The Evolution of Couture, From the House of Worth to the Met Gala
We all know couture, we all love couture, but how has couture come to be?
It all begins with Fredrick Charles Worth, a British tailor working in a Parisian textile company in the mid-1800s. As he succeeded in his position, Worth was eventually given the opportunity to begin making dresses. With his incredible attention to detail and breathtaking unique designs, his dresses caught the eye of Empress Eugenie de Montijo of France, a trendsetter in the French royal court. Almost immediately, Empress Eugenie, along with a long list of European royals, began commissioning Worth as their dressmaker; shortly thereafter the House of Worth, the first couture house, was established.
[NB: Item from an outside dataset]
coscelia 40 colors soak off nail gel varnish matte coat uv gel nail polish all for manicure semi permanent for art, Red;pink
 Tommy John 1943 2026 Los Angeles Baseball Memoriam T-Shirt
Along with the founding of the House of Worth came the beginning of what we know to be the term “fashion designer.” Worth was the first dressmaker to use labels in his dresses and real models instead of mannequins to present his clothing. Although today these practices might seem pretty standard, they were actually quite revolutionary and strongly influenced the modern-day fashion industry.
In 1868, La Chambre Syndicale de la Haute Couture was founded in order to regulate the guidelines for what could be considered couture, as well as to monitor the copying of couture designs. The qualifications required that designs be made-to-order for the client, hand-made of the best materials and for each design to be unique—nothing could be copied for another client.
The main clients for couture were based in Europe, and given the high price of the clothing, were generally from high-status backgrounds.
Once the world of couture was established it was destined to thrive. By 1945, 100 labels were recognized by La Chambre Syndicale de la Haute Couture as houses of couture, meeting additional qualifications regarding the house itself. For example, some of these qualifications require the houses to have a minimum of 20 full-time staff members based in Paris, that the designs are made for private clients with fittings, and that they must present a minimum of 25 designs per year.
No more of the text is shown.